The father of Swiss Design was Ernst Keller who directed the Kunstgewerbeschule in Zurich in the early 1900s. He removed the study of art from the design curriculum seeing its aims and process having little relevance to contemporary communication. Among his originations was the use of the grid as a unifying organizational design tool.

When Josef Müller-Brockmann took over the directorship of the school, he injected the theories he had been developing during the 1950s, and the design world took notice. I think one can say that the school under his direction became the incubator of Swiss Design.

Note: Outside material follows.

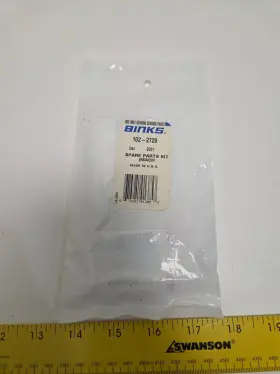 102-2720 Binks Spare Parts Kit Mach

Josef Müller-Brockmann (Swiss, 1914–1996), Beethoven, 1955. Lithograph. 50 × 35 1/2 in. (127 × 90.17 cm). Lent by Merrill C. Berman.
Josef Müller-Brockmann (Swiss, 1914–1996), Beethoven, 1955. Lithograph. 50 × 35 1/2 in. (127 × 90.17 cm). Lent by Merrill C. Berman.

The timing of the movement was perfect catching the profession during a period of stagnation with excessive illustration, unstructured typography, and lack of logic and order. In this void, particularly in the U.S. where the modern movement had not made much impact, the Swiss dogma became widely accepted. The movement became a National Swiss export business.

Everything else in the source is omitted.